(MATERIAL FOR THE TASK)
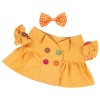 Orange raincoat and multi-colored polka dot dress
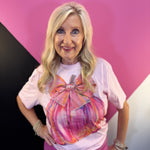 Pink tee with colorful pumpkin, oversized bow, and rhinestone accents.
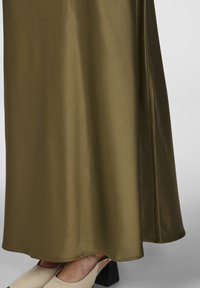 Robe maxi en satin vert olive avec une texture lisse et un ourlet incurvé, accompagnée de chaussures à plateforme beiges à bout ouvert.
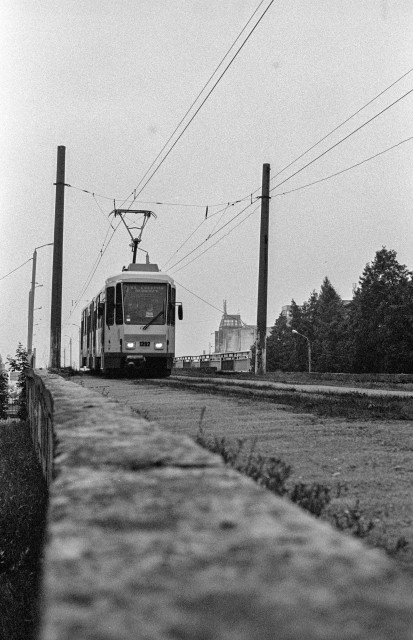 The image is a black and white photograph of a tram moving along a track. The tram, labeled with the number "1202," is centered in the frame, and the scene has a vintage, grainy quality. Overhead power lines and poles are visible, indicating the electric nature of the tram. The background features a mix of trees and buildings, with one notable building having a distinct, somewhat industrial or historical architectural style. The foreground includes a stone or concrete barrier that runs parallel to the tram tracks. The overall atmosphere of the photograph suggests an urban or suburban setting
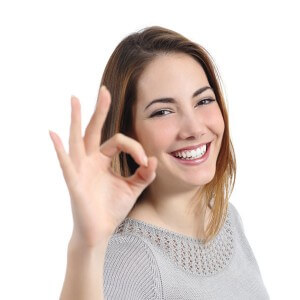 a patient at Rutherford Dental shows her perfect teeth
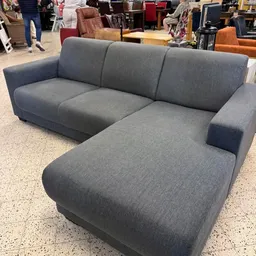 Grijze hoekbank met chaise longue in kringloopwinkel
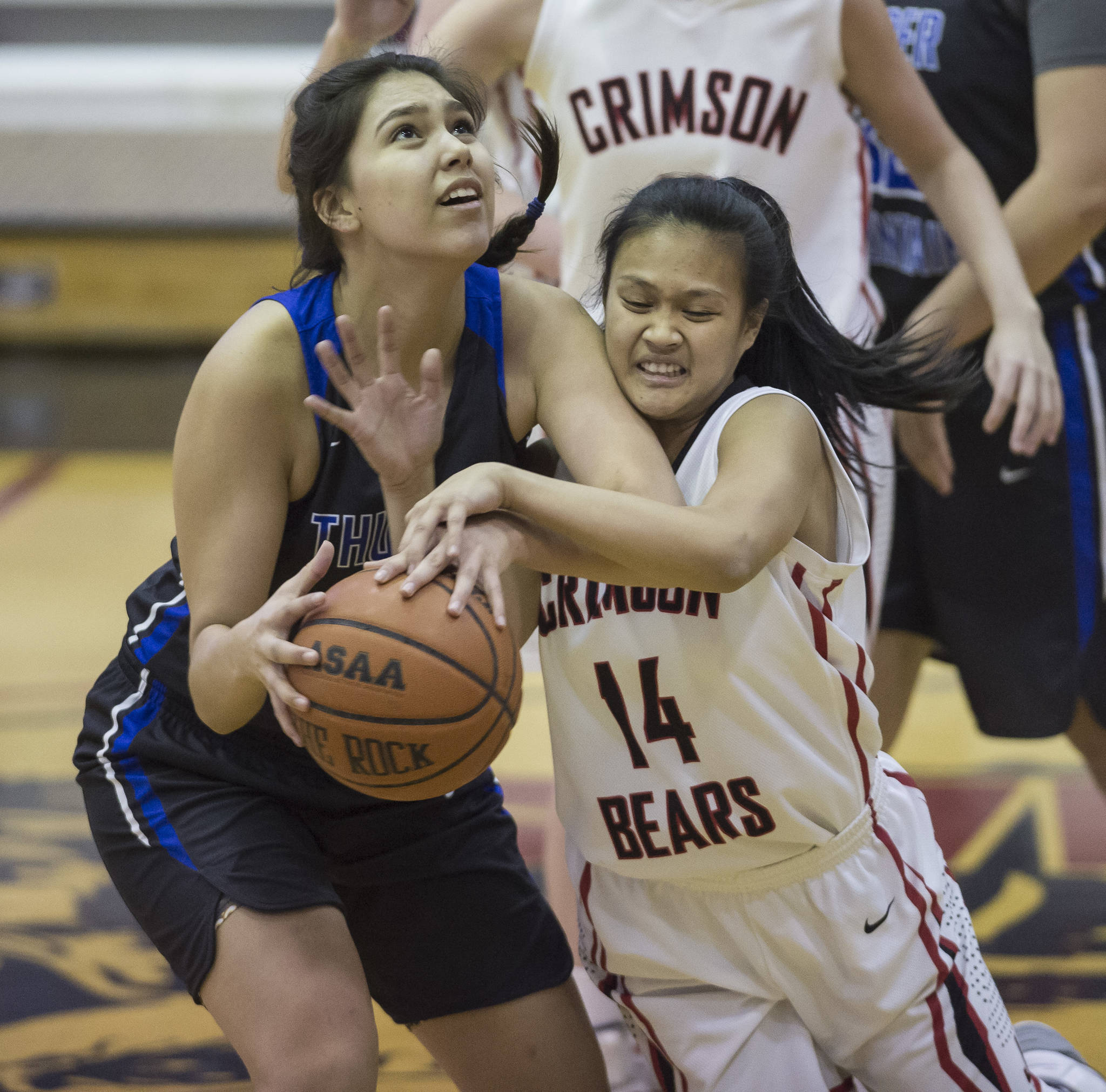 Juneau-Douglas’ Alyxn Bohulano, right, attempts to steal the ball from Thunder Mountain’s Kira Frommherz at JDHS on Friday, March 3, 2018. JDHS won 53-33. (Michael Penn | Juneau Empire)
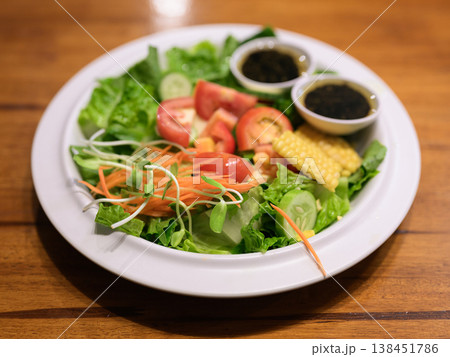 Fresh Mixed Garden Salad with Dressing on Wooden Table and Copy Space Fresh Mixed Garden Salad with Dressing on Wooden Table and Copy Space 138451786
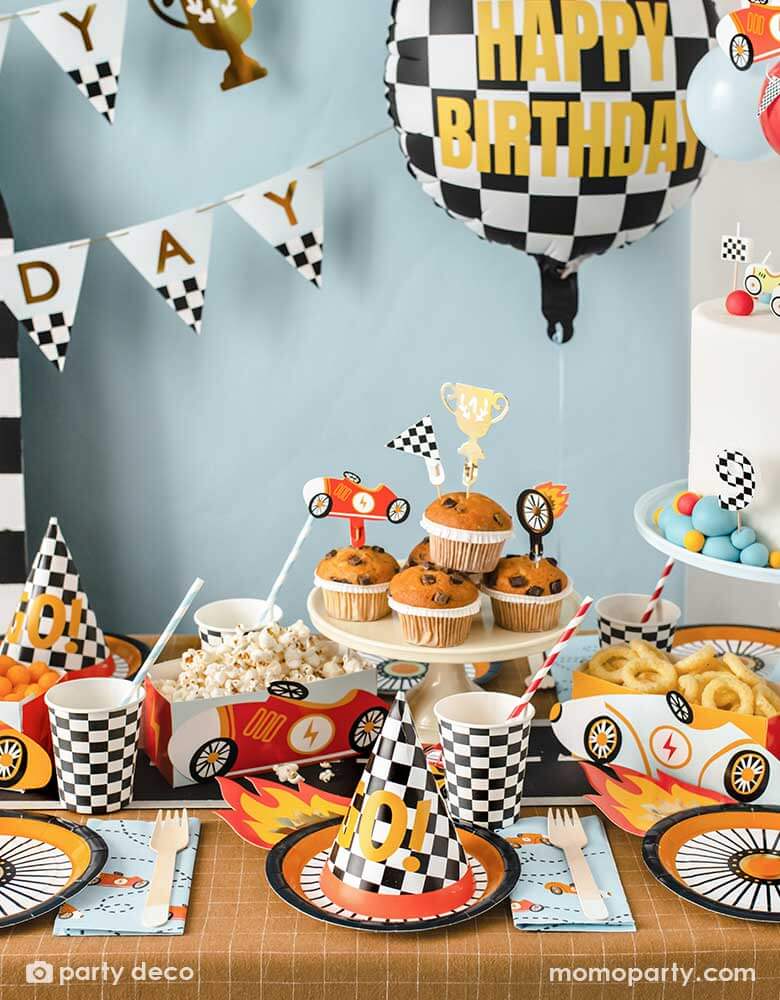 A kid's race car themed party table filled with race car themed party supplies from Momo Party including wheel shaped plates, checkered flag GO! party hats, blue race car large napkin, and checkered party cups. On the table there are muffins topped with race car themed cupcake toppers and vintage race car shaped snack holder filled with popcorn and onion ring chips. Above the table, there's a race car flag themed birthday banner and checkered happy birthday foil balloon.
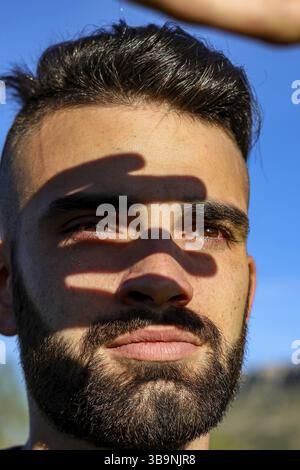 Vertikale Nahaufnahme eines lächelnden Bart-Mannes, der während des Sonnenuntergangs in einem gelben Feld die Sonne mit seiner Hand bedeckt Stockfoto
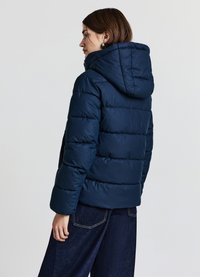 Giacca imbottita blu navy con cappuccio, caratterizzata da un design trapuntato e polsini elasticizzati. Il tessuto appare liscio e idrorepellente.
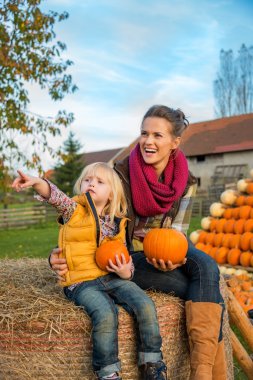 mutlu anne ve haystack kabaklar ve POI ile oturan çocuk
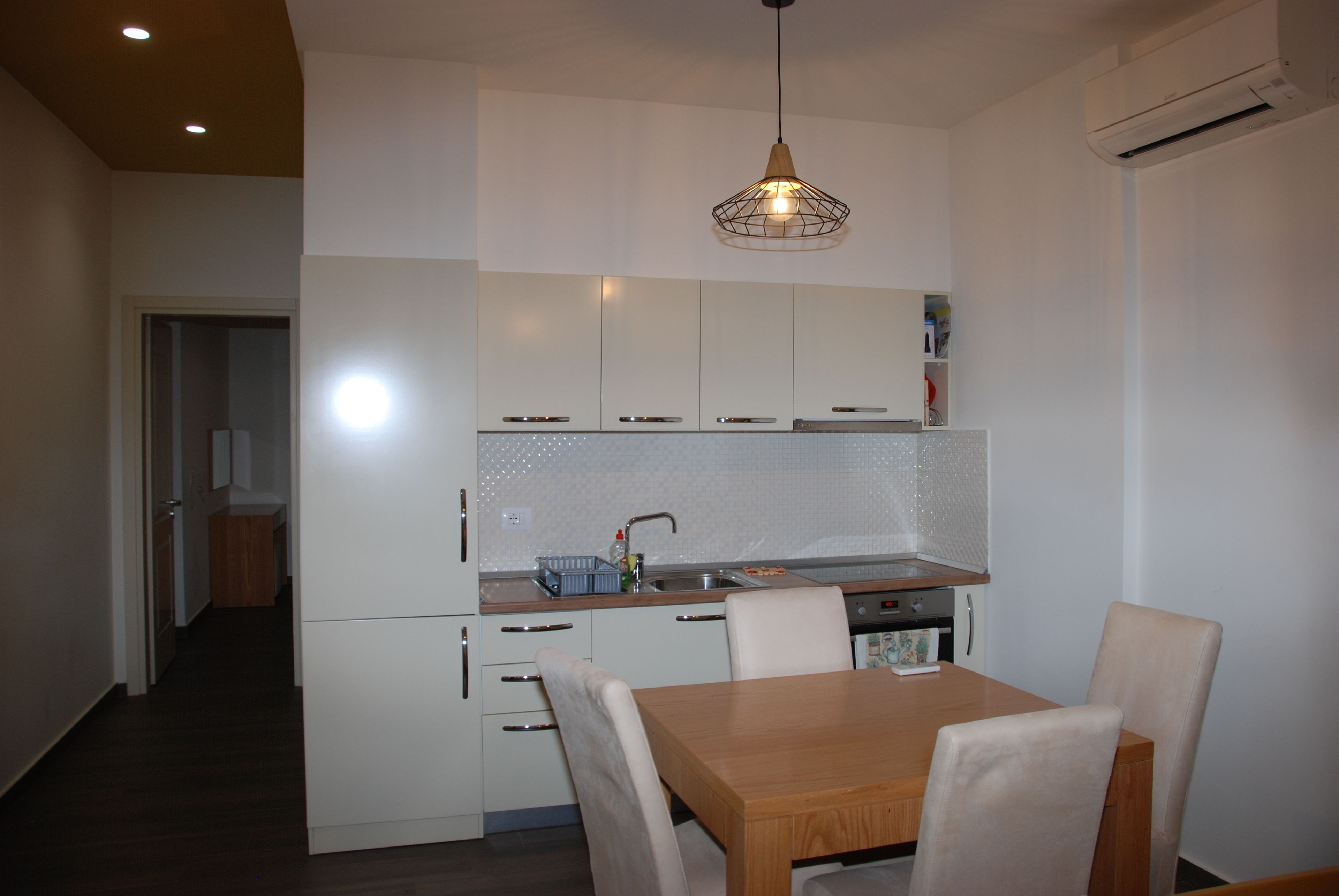 Een moderne keuken met witte kasten, een houten eettafel en een hanglamp.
(End MATERIAL FOR THE TASK)
HOW TO COMPLETE THIS TASK: Would you please reproduce the entries above, starting at the line with "Vertikale Nahaufnahme eines" and stopping after the line with "Giacca imbottita blu"? Omit any pictures.

EXERCISE OUTPUT:
 Vertikale Nahaufnahme eines lächelnden Bart-Mannes, der während des Sonnenuntergangs in einem gelben Feld die Sonne mit seiner Hand bedeckt Stockfoto
 Giacca imbottita blu navy con cappuccio, caratterizzata da un design trapuntato e polsini elasticizzati. Il tessuto appare liscio e idrorepellente.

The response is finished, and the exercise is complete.